Start of RECORDS PROVIDED

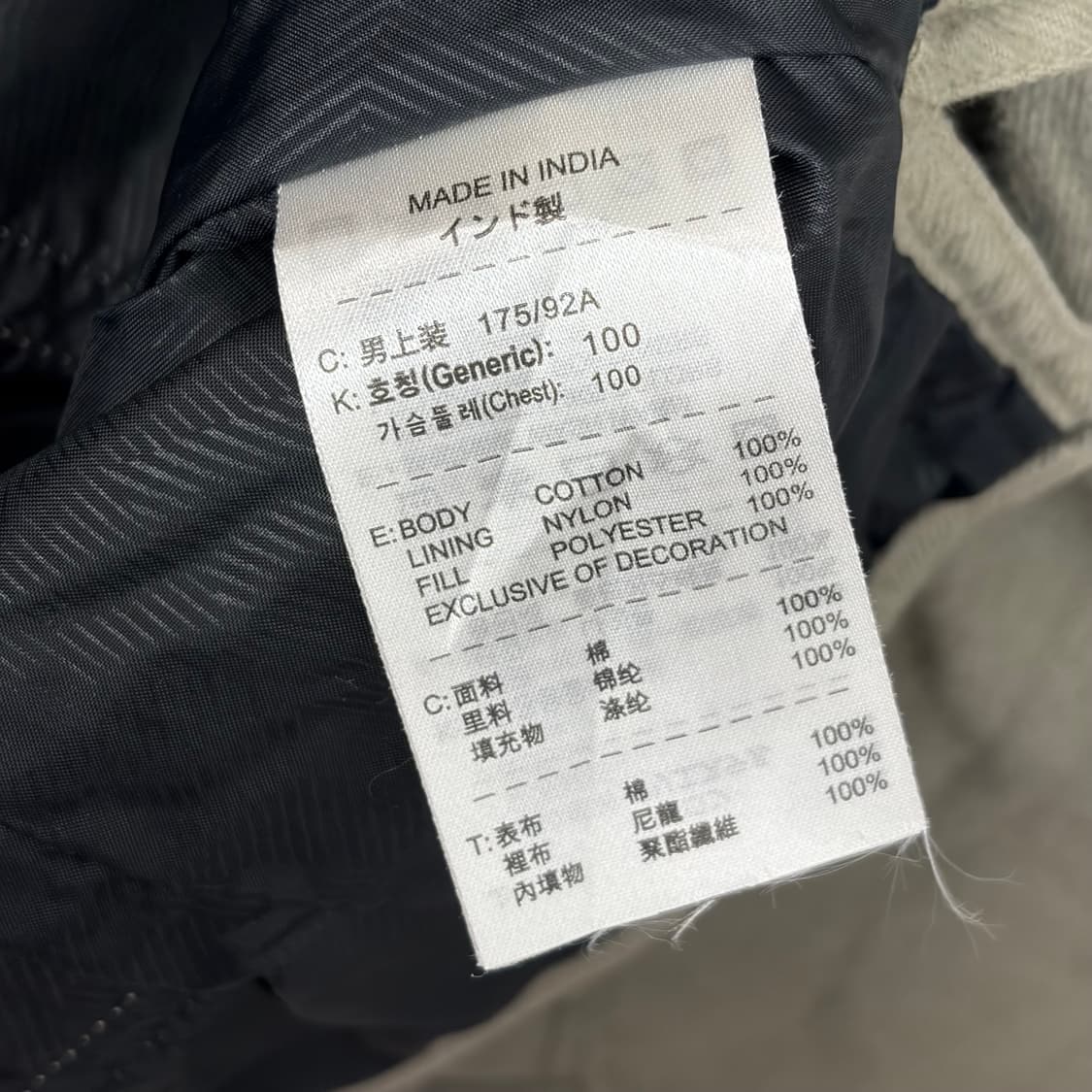 05년도 나이키 acg 플리스 셔츠 자켓 상품이미지9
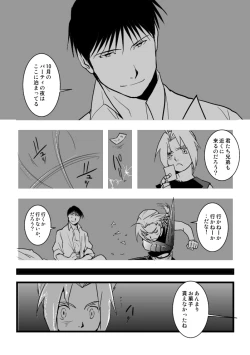 Page 15 of Under the pumpkin moon 2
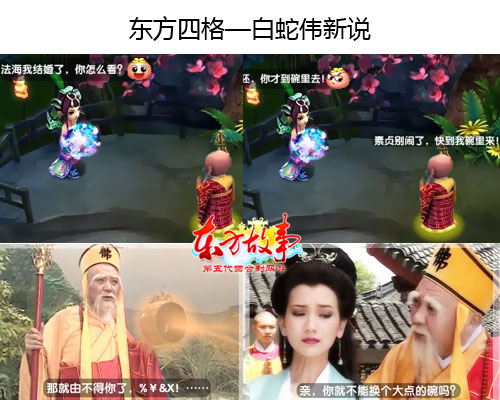 《东方故事》法海你不懂爱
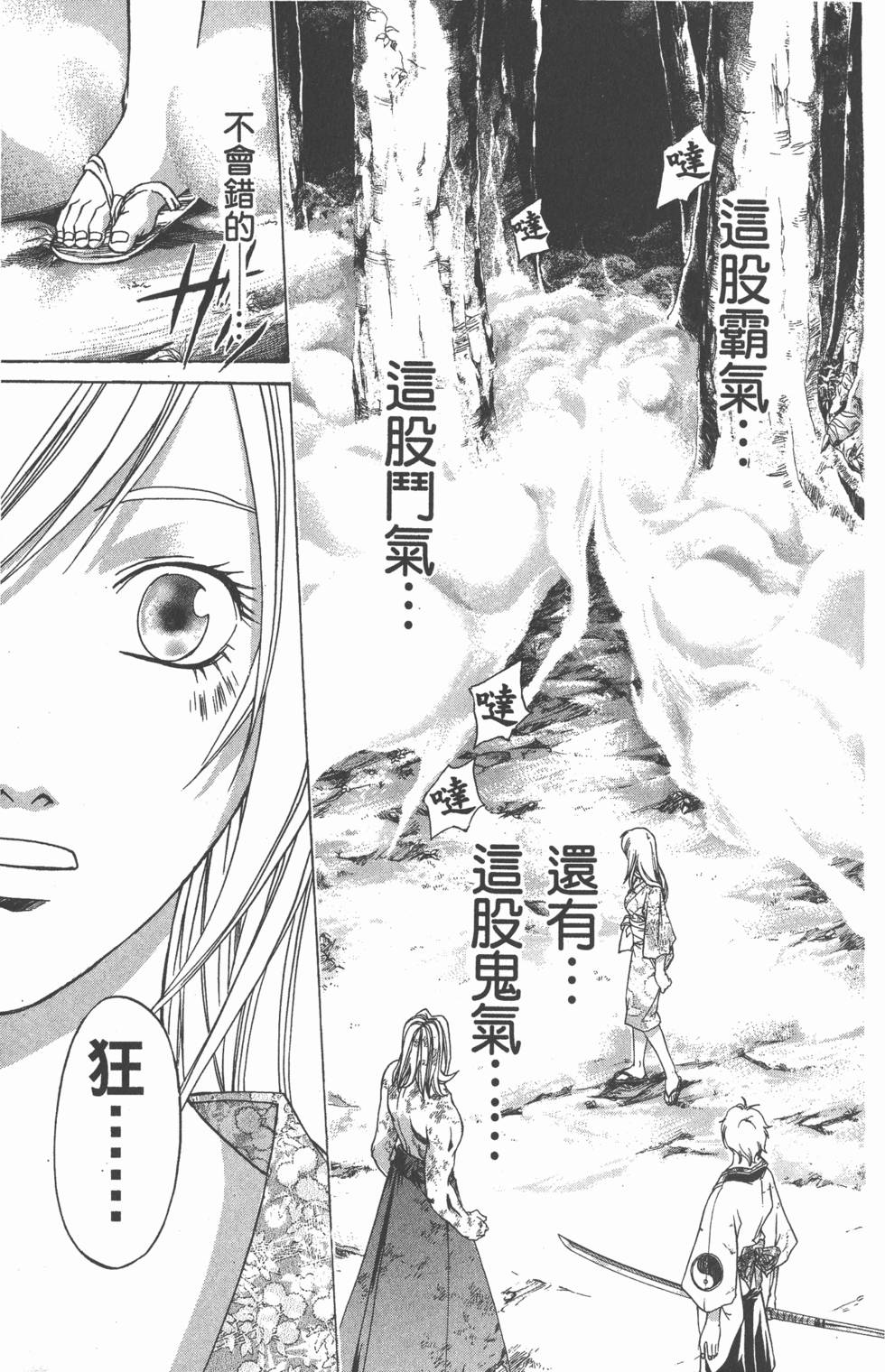 第181页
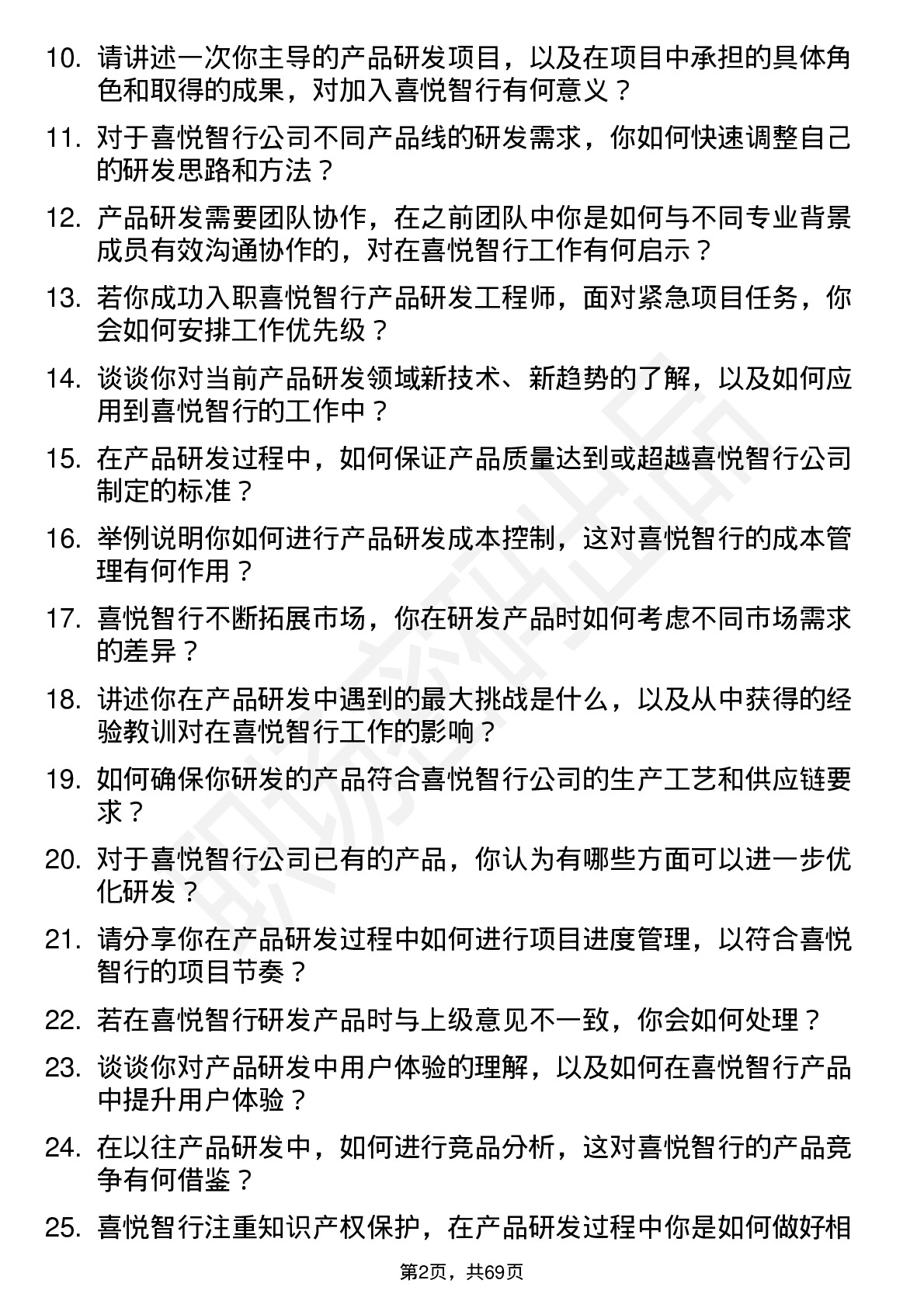 48道喜悦智行产品研发工程师岗位面试题库及参考回答含考察点分析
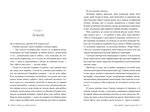 Одного разу в Римі. Книга 1. Изображение №1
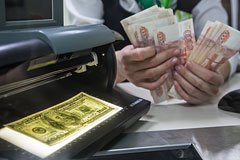 Силуанов исключил возможность введения налогов на валютно-обменные операции граждан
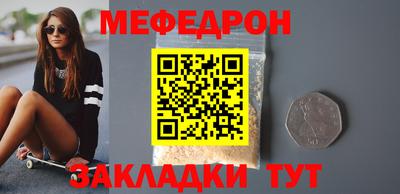 прущая мука Волгодонск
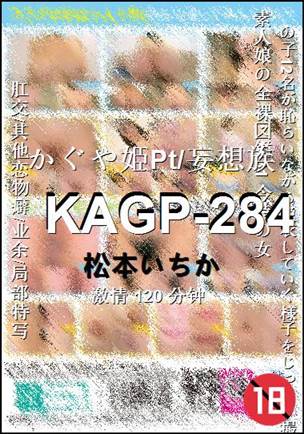 KAGP-284BT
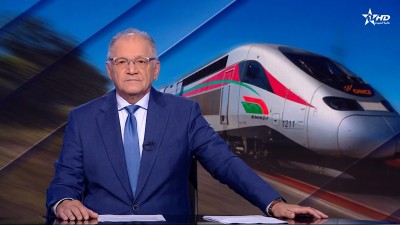 JT en Français Al Aoula du 24/09/2025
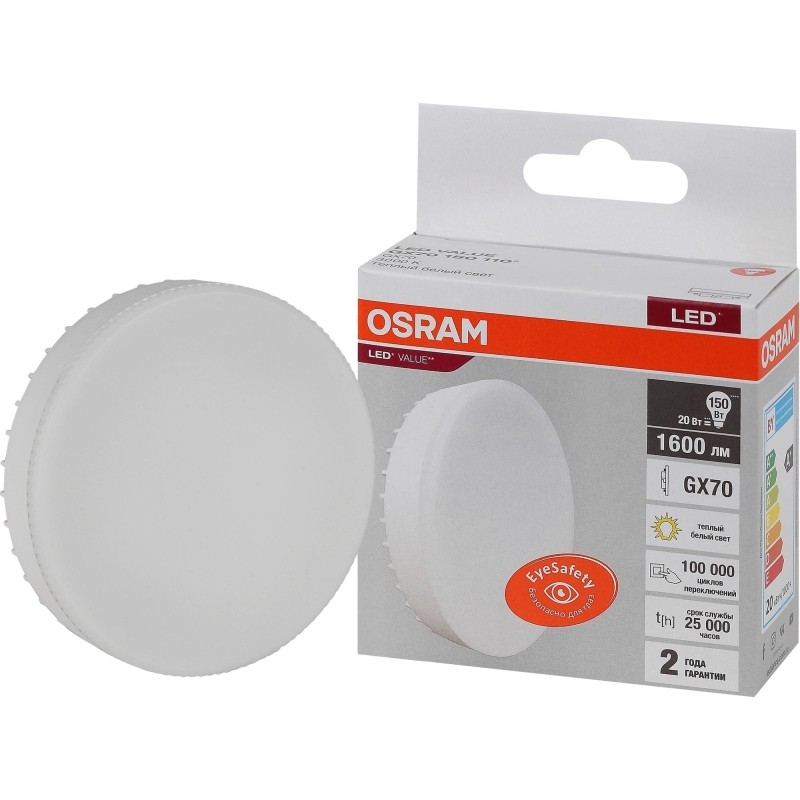Лампа светодиодная OSRAM LVGX5360 8SW/830 230V GX53 10X1RU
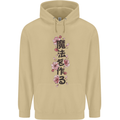 Japanese Flowers Quote Japan Mens 80% Cotton Hoodie Sand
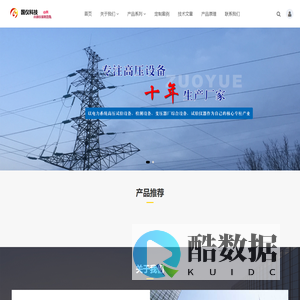 武汉恒新国仪科技有限公司_武汉恒新国仪科技有限公司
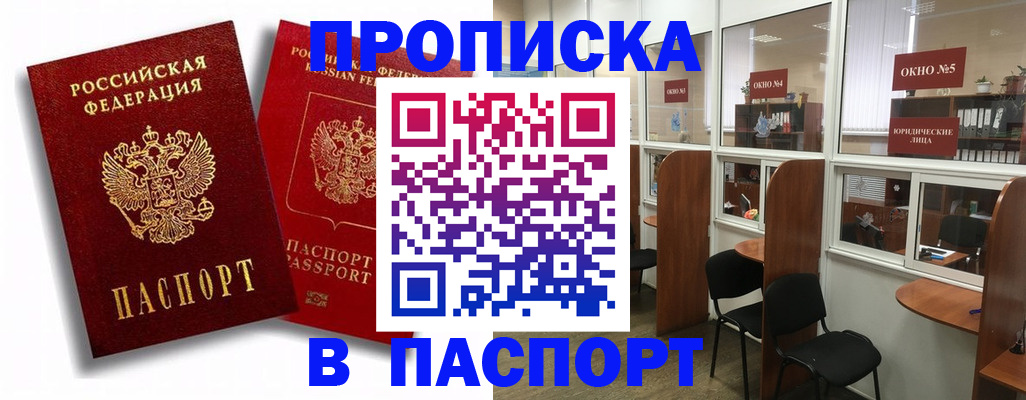 временная регистрация недорого в Ангарске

End of RECORDS PROVIDED

• TASK DIRECTIONS: All of the entries above need to be repeated exactly, minus the pictures.

• OUTPUT OF THE EXERCISE:
 05년도 나이키 acg 플리스 셔츠 자켓 상품이미지9
 Page 15 of Under the pumpkin moon 2
 《东方故事》法海你不懂爱
 第181页
 48道喜悦智行产品研发工程师岗位面试题库及参考回答含考察点分析
 Одного разу в Римі. Книга 1. Изображение №1
 Силуанов исключил возможность введения налогов на валютно-обменные операции граждан
 прущая мука Волгодонск
 KAGP-284BT
 JT en Français Al Aoula du 24/09/2025
Лампа светодиодная OSRAM LVGX5360 8SW/830 230V GX53 10X1RU
 Japanese Flowers Quote Japan Mens 80% Cotton Hoodie Sand
 武汉恒新国仪科技有限公司_武汉恒新国仪科技有限公司
 временная регистрация недорого в Ангарске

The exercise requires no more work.